Se puso de rodillas y tiró del borde de la alfombra, en un intento por ver el dibujo. La cenefa estaba estropeada y el tejido desgastado. Al tirar notó que algunas hebras se soltaban. Pero pudo ver lo bastante para confirmar lo que sus entrañas ya sabían: que aquélla era la alfombra de la calle Rue, la alfombra que Mimi Laschenski había vivido y muerto protegiendo; la alfombra de la Fuga.

Se puso en pie y empezó a deshacer el montón de sillas completamente sordo al ruido de pasos que se le acercaban por la espalda.

3

La primera cosa que Suzanna vio fue una sombra en el suelo. Alzó la mirada.

Un rostro apareció entre dos armarios, pero sólo para desaparecer de nuevo antes de que ella pudiera llamarlo por su nombre.

¡Mimi! Era Mimi.

Suzanna se acercó a los armarios. No había ni rastro de nadie. ¿Estaría empezando a perder la cordura? Primero había sentido aquel estruendo dentro de la cabeza y ahora tenía alucinaciones.

Y sin embargo, ¿por qué estaban allí si no creían en los milagros? La duda de Suzanna se ahogó en una súbita oleada de esperanza; la esperanza de que los muertos de algún modo pudieran romper el sello que cerraba el mundo invisible y volver entre los vivos.

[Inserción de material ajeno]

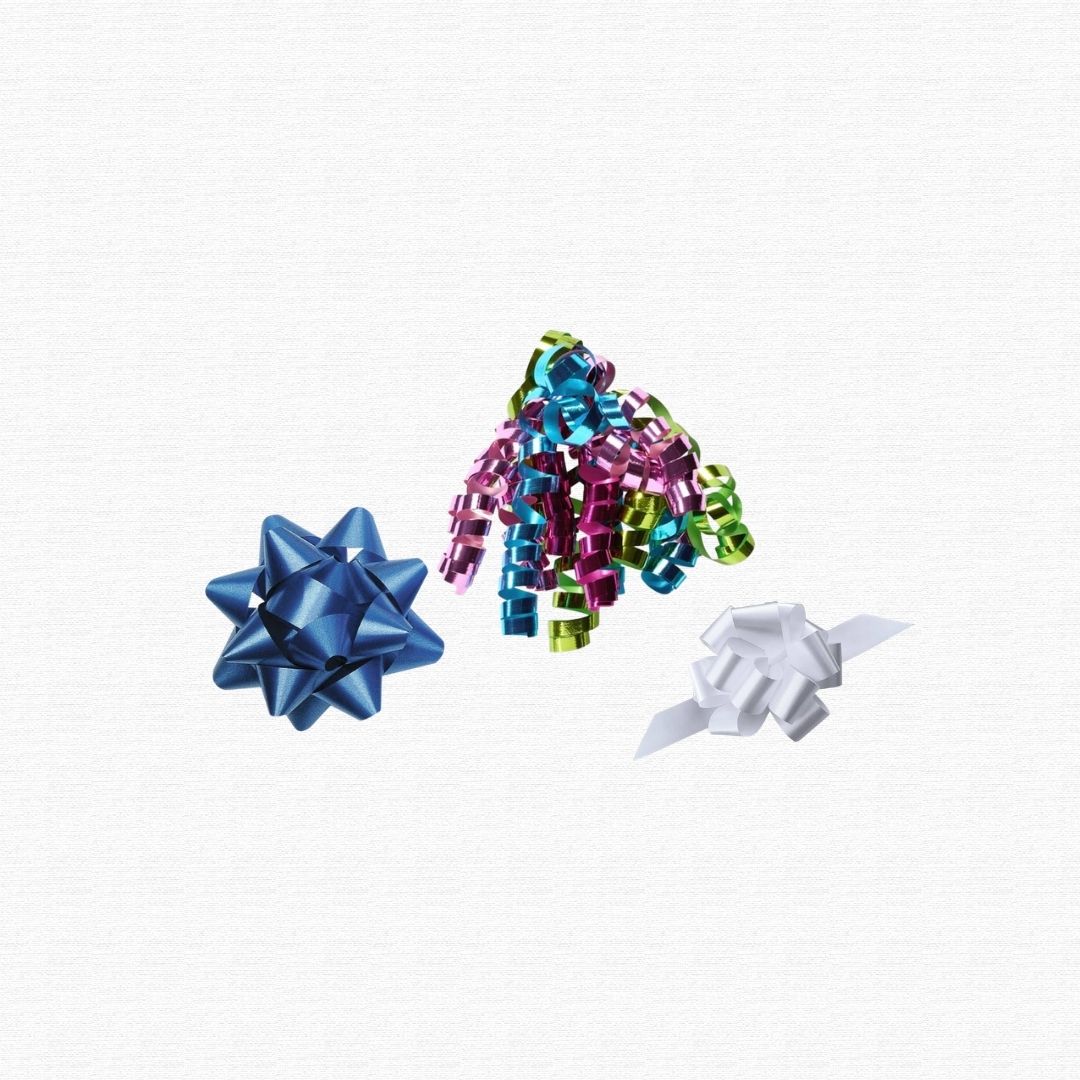 Shiny decorative gift ribbons and stick-on bows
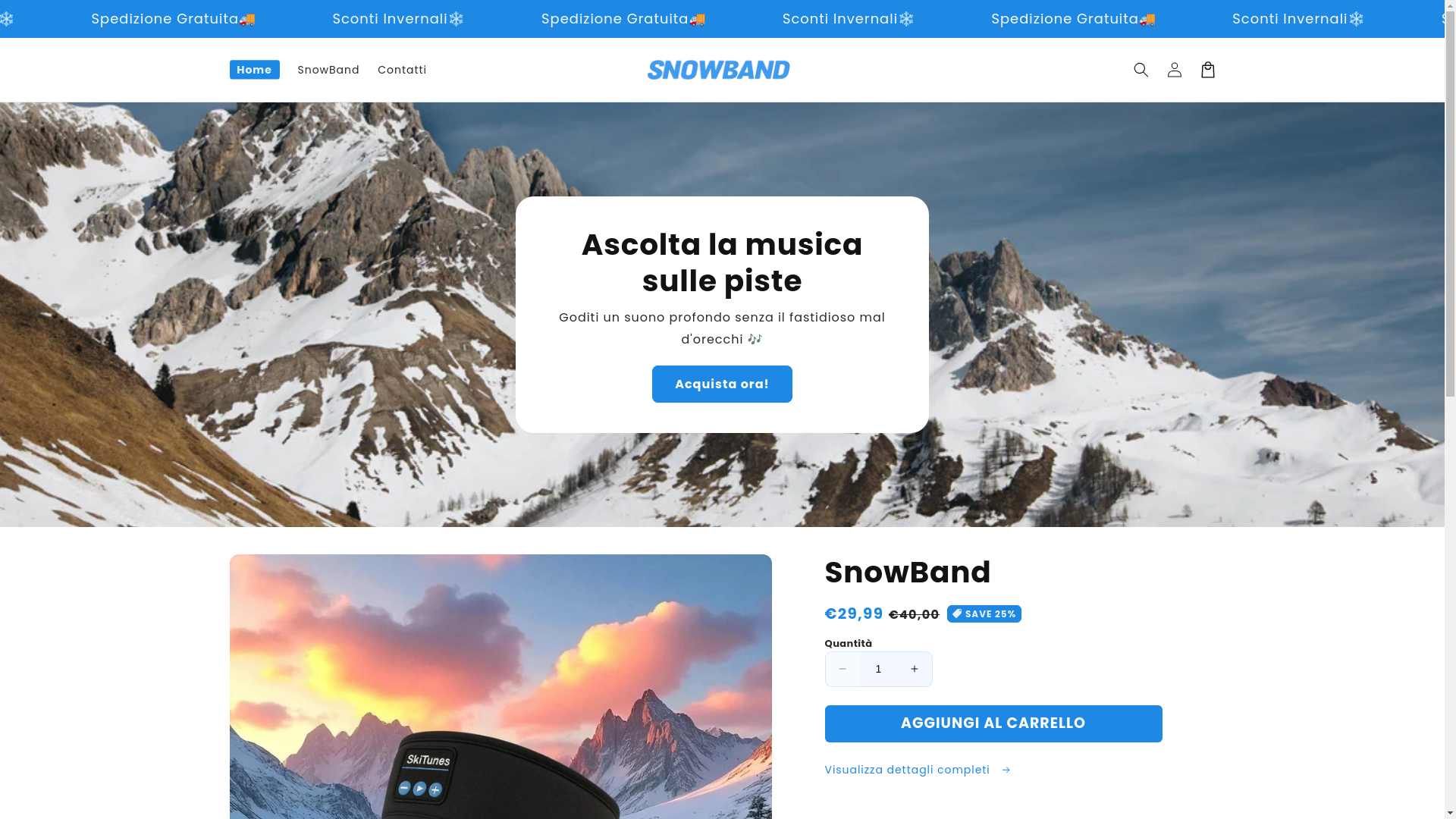 website screenshot of https://snowband.store/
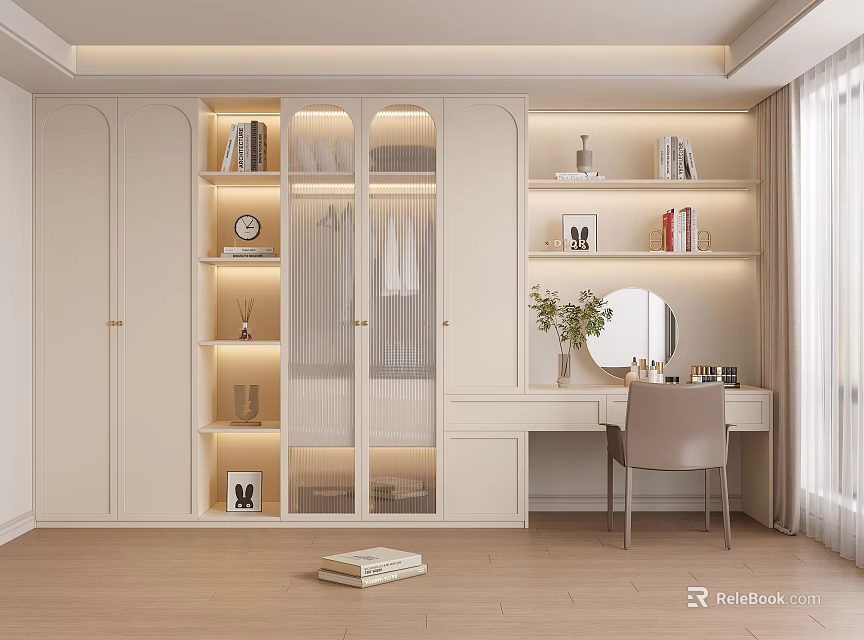 Modern Wardrobe Interior Design With Glass Doors Writing Desk Mirror And Decorative Shelves 3d model 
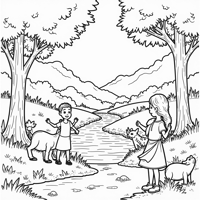 Nature And Scenery Coloring Page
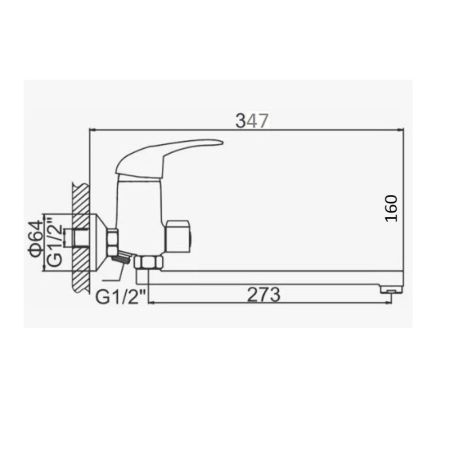 Смеситель для ванны D-Lin D146410-8, хром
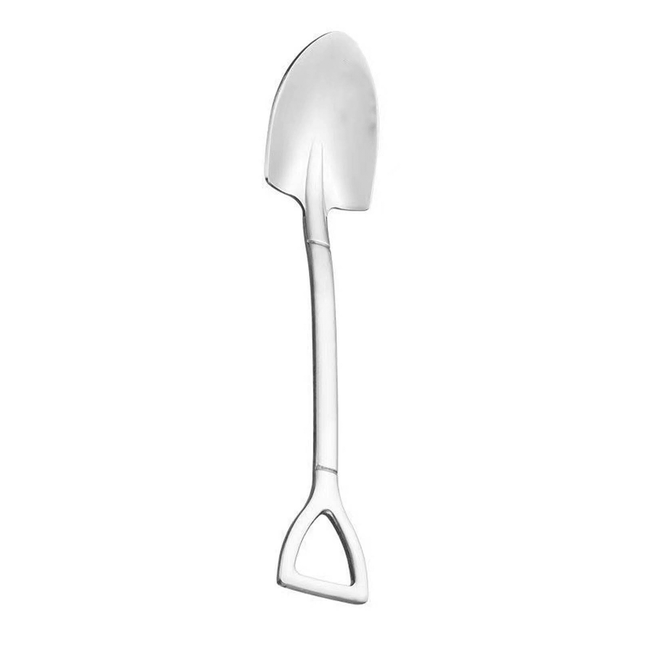 Dessert Spoon, Heavy Duty Shovel Shape Stainless Steel Spoons Ice Cream Fruit Spoon for Home Kitchen or Restaurant, 1 Pcs, 1.34x6.1 1.34" x 6.1" Silver/1 Pcs.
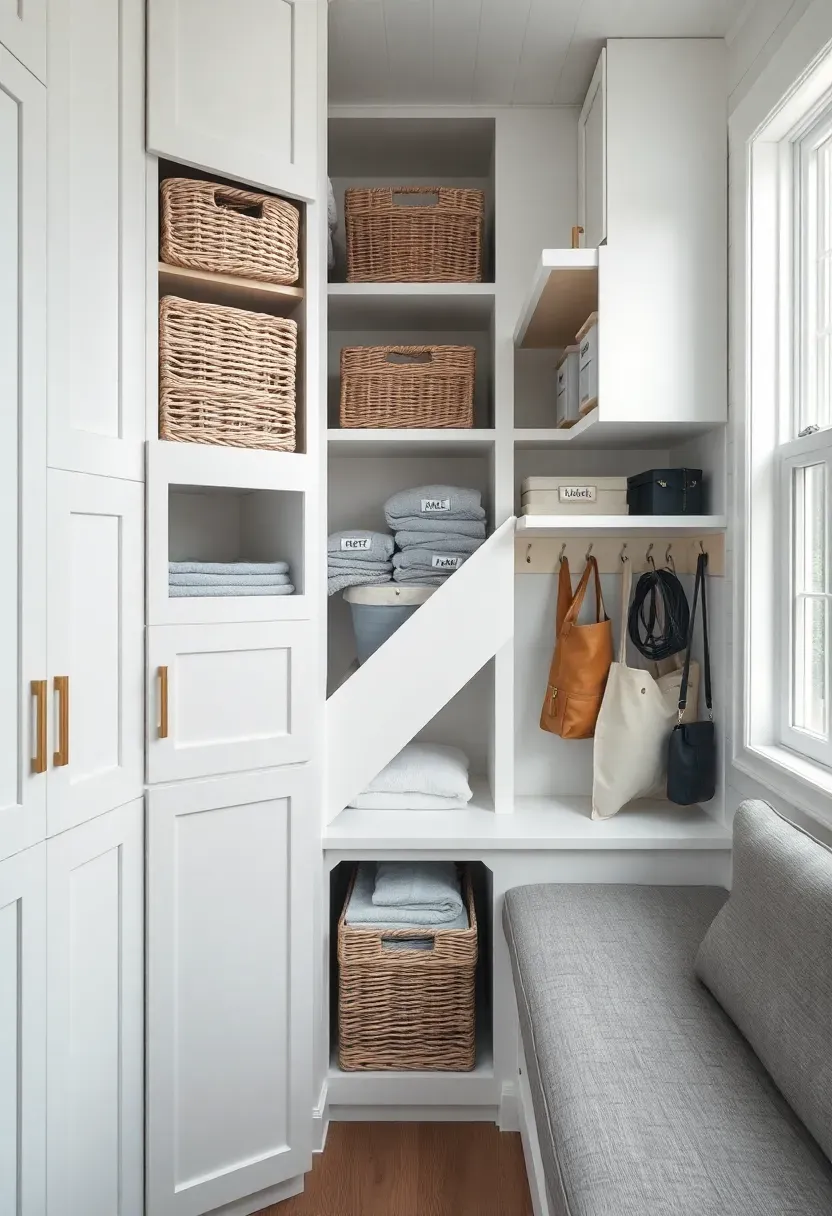 Hyper-realistic detail shot of built-in storage solutions in a tiny house: floor-to-ceiling white cabinets with pull-out baskets, under-stair drawers with labeled handles, overhead compartments with lift-up doors, hidden storage bench with cushion top. Visible organizational details: clear storage bins, folded linens, labeled boxes, hooks for bags. Materials: white painted cabinetry, light wood pulls, wicker baskets, gray upholstery. Soft window light from right accentuating texture and organization. Marie Kondo-inspired minimalist aesthetic. Real Living magazine style. No text, no logos, no watermarks.</p>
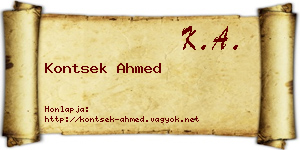 Kontsek Ahmed névjegykártya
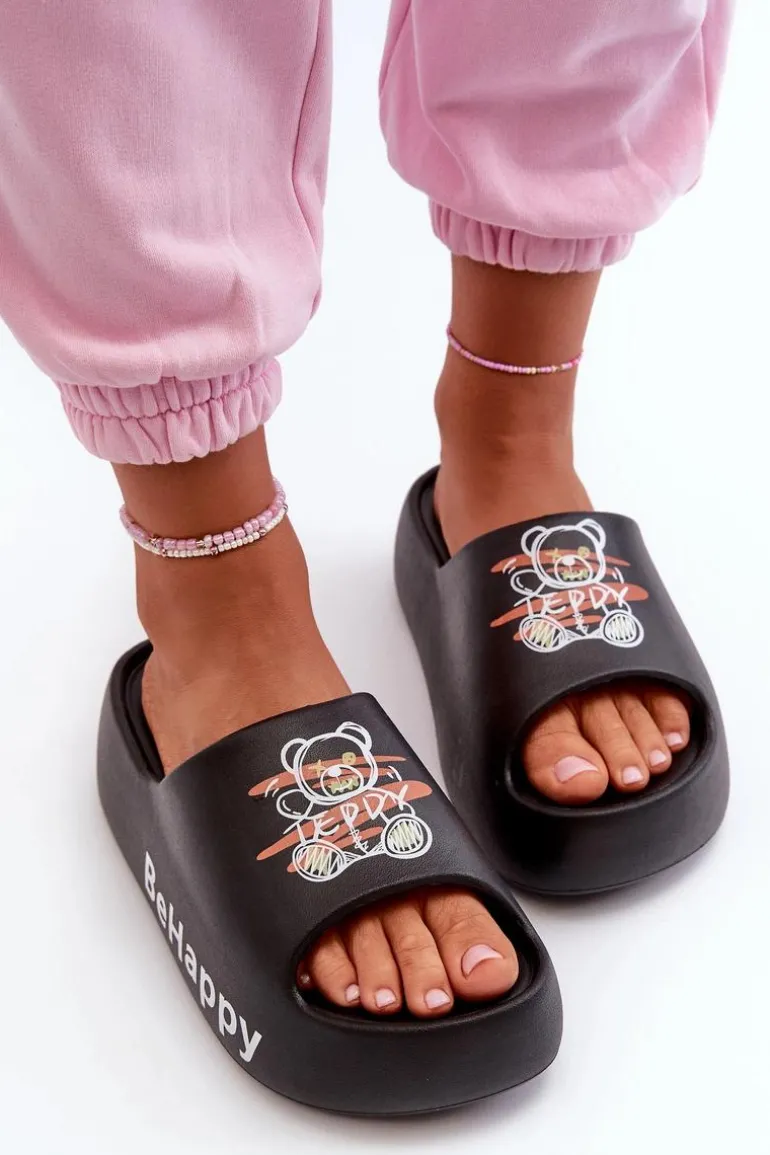 Lekkie Klapki Damskie Na Grubej Podeszwie Z Misiem Piankowe Czarne Serefina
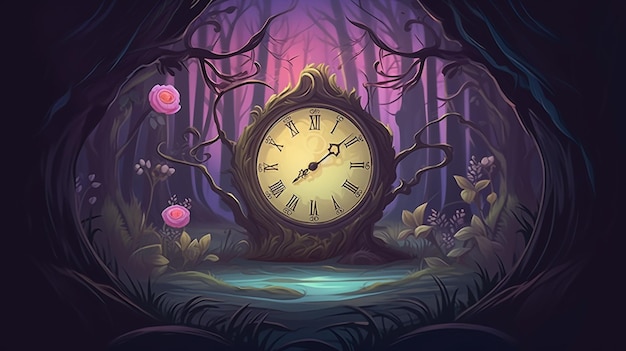 there is a clock in the middle of a forest with flowers generative ai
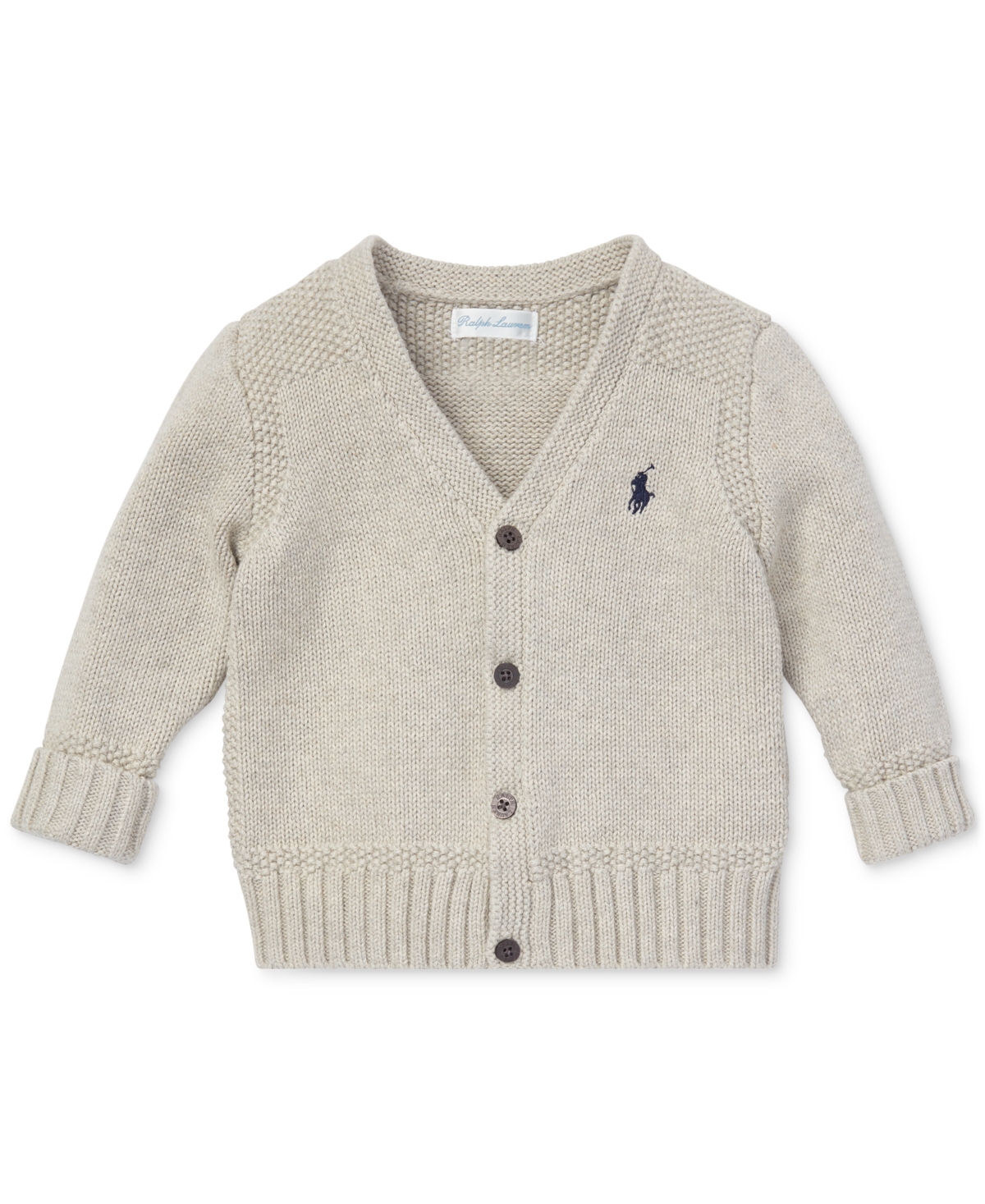 Polo Ralph Lauren Baby Boys Combed Cotton V-neck Cardigan In Light Sport Heather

Pronunció en voz baja el nombre de su abuela. Y se le concedió una respuesta. No con palabras, sino en forma de aroma de agua de lavanda. A cierta distancia a su izquierda, por un pasillo formado por cajas de té amontonadas, una bola de pelusa rodó y se quedó quieta. Suzanna se acercó a la bola, o más bien a la fuente de donde procedía la brisa que había hecho rodar a aquélla, y el aroma se fue haciendo más intenso a cada paso que daba.

4

—Eso es de mi propiedad, según creo —dijo la voz a espaldas de Cal. Éste se volvió. Shadwell estaba de pie a un par de metros. Llevaba la chaqueta desabrochada—. A lo mejor sería usted tan amable de apartarse, Mooney, y permitir que me lleve lo que es mío.

Cal deseó haber tenido la presencia de ánimo suficiente para ir armado a aquel lugar. No habría vacilado en apuñalar ahora a Shadwell en el ojo resplandeciente y proclamarse a sí mismo un héroe por haber sido capaz de hacerlo. Pero el hecho era que no disponía más que de sus manos desnudas. Tendría que arreglarse con ellas.